I rolled my eyes. “Malek, she’s a doctor. And she’s not just an ordinary doctor. She’s a virologist. She creates vaccines that cure diseases. She has a great sense of duty too. How many doctors of that kind, much less lady doctors like her, have volunteered to practice their work here in our village? None. The last doctor sent by the government had ulterior motives.”
His face darkened at the memory, but only momentarily. Malek was an expert in clamping down emotions.
“Yes, that’s what’s worrying me.

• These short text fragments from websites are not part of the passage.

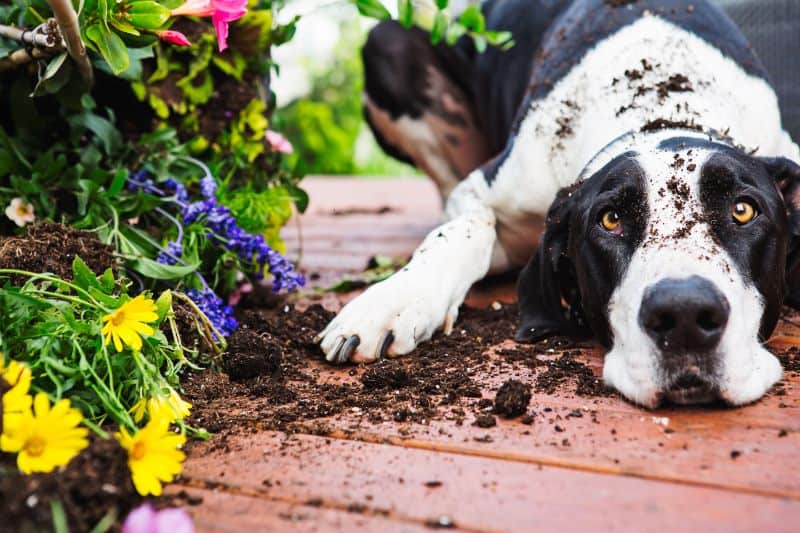 A dog laying in the dirt they've just dug up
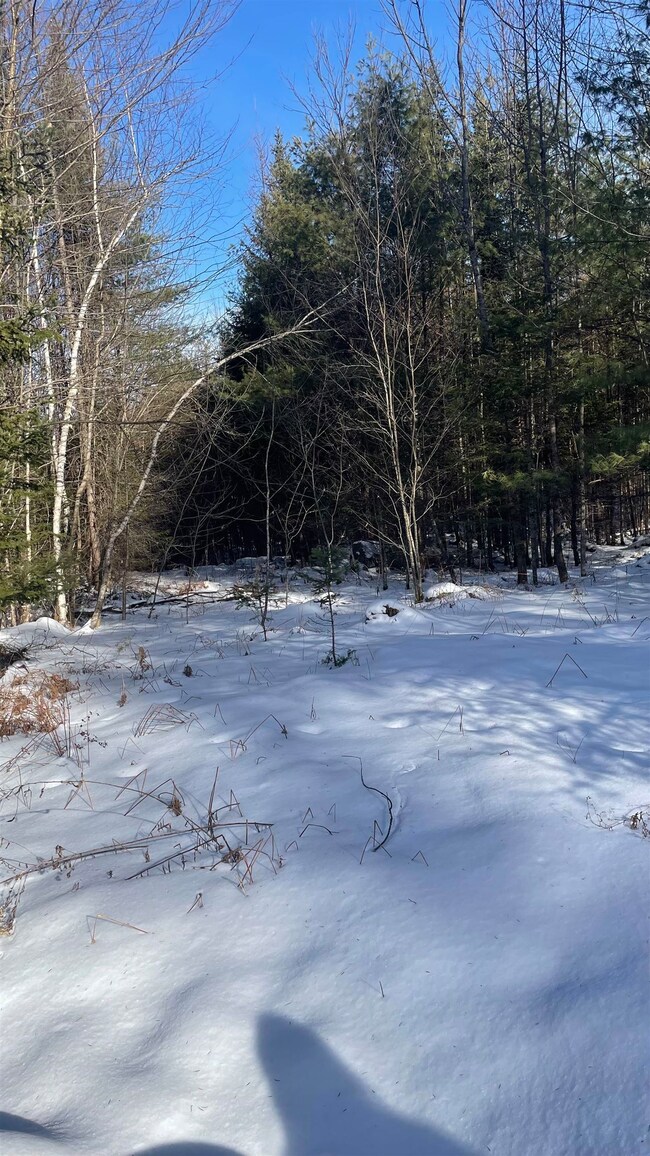 361 Old Franconia Rd, Bethlehem, NH 03574 - photo 7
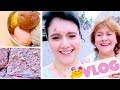 VLOG : ЗОЛОТЫЕ ТАРАКАНЫ | ПОТЕРЯННЫЕ ВЕЩИ | ВЛОГ : 26.07.2018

Why isn’t she afraid to live and work here, alone? I find it hard to believe that she doesn’t know the dangers of being in a remote area such as ours.”
“I would think that’s why she brought her own radio communication system, Malek. With batteries to boot. She’s not a fool.”
“What good would that do to her if she’s dead?”
“Malek,” my voice took on a hard edge.
He knew when to stop. “Forgive me once again, my friend. But I am truly concerned for your welfare as well as for the safety of our people. Nena suits you more.”
The mention of my childhood friend whom everyone was expecting me to marry made me seethe.
I replied to him forcefully, “I appreciate your concern. But believe me when I say that I am your ruler and I know what I am doing. I have not lost sight of my duty to my people. I intend to fulfill what my father and his ancestors have done before me.”
I remembered the brooding, disbelieving look he gave me that day. Did he know his advice would go unheeded?